While the Independent Police Complaints Commission (IPCC) rejected allegations of corruption involving two of the top personnel at the Metropolitan Police (MPS), it was highly critical of their and senior colleagues’ media relationships.
The IPCC said despite a growing clamour over phone hacking centred on Murdoch’s News International, the British newspaper arm of his News Corp empire, senior people at the force appeared “to have been oblivious to the perception of conflict”.
“It is clear to me that the professional boundaries became blurred, imprudent decisions taken and poor judgment shown by senior police personnel,” IPCC deputy chairman Deborah Glass said in a statement.

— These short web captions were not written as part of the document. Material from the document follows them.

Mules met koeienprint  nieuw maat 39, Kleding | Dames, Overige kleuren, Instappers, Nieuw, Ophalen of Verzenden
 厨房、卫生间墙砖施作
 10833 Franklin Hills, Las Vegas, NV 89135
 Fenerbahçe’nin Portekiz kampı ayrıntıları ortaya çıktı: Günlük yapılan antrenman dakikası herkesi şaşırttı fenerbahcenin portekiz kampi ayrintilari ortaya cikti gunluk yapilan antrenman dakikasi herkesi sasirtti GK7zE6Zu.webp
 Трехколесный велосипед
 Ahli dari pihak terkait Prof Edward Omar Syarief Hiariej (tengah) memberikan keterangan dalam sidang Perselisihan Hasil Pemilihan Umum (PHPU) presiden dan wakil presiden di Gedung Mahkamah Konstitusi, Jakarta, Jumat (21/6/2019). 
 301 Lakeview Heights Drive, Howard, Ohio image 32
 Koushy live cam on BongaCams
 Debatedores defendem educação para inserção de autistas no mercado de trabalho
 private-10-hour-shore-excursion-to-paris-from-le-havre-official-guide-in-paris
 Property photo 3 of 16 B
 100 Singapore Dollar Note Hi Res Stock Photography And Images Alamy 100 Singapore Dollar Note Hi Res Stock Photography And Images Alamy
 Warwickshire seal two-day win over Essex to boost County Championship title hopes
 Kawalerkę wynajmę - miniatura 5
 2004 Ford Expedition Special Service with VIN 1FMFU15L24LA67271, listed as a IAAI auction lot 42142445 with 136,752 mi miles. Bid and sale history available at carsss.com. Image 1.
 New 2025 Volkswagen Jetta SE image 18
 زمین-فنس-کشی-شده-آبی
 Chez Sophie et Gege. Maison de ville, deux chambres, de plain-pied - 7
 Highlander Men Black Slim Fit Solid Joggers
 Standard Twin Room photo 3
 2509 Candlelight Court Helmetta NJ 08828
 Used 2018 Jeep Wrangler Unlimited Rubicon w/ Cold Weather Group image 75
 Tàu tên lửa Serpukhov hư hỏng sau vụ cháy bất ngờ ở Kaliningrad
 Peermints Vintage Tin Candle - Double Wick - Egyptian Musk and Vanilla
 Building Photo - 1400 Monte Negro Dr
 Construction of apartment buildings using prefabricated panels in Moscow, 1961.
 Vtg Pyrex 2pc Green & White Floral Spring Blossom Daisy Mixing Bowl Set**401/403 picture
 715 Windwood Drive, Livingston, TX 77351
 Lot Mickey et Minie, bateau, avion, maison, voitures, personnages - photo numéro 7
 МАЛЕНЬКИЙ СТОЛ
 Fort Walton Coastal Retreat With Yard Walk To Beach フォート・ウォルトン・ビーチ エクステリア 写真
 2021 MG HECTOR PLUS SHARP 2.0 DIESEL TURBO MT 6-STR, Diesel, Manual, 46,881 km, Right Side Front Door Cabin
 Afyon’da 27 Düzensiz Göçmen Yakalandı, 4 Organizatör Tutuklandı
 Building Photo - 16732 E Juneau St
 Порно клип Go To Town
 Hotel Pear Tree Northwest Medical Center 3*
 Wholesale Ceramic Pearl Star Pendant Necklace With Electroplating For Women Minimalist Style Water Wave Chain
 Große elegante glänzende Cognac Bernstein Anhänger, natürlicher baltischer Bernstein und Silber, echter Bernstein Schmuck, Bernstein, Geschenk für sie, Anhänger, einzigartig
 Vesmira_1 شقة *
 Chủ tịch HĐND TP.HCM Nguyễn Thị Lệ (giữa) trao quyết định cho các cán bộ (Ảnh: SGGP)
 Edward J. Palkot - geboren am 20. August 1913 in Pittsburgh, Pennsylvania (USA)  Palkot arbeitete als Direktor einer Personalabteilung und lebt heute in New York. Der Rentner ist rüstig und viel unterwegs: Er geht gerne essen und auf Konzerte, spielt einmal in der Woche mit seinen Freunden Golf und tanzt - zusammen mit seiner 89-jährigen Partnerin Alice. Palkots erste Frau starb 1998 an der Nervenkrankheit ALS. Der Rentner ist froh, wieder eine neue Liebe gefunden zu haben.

The IPCC’s report follows investigations into John Yates, the country’s former top counter-terrorism officer, and Dick Fedorcio, the MPS media chief, over their relationship with Neil Wallis, a former deputy editor at the News of the World, the Murdoch tabloid at the heart of the phone-hacking furore.The IPCC concluded that there was no evidence of corruption but ruled that both men had breached internal policies.
The IPCC comments come after British lawyer Mark Lewis, who has filed several phone hacking suits in the UK, said yesterday that he is taking legal action in the US on behalf of three alleged victims of phone hacking by the News of the World. The move marks the first legal action in the US.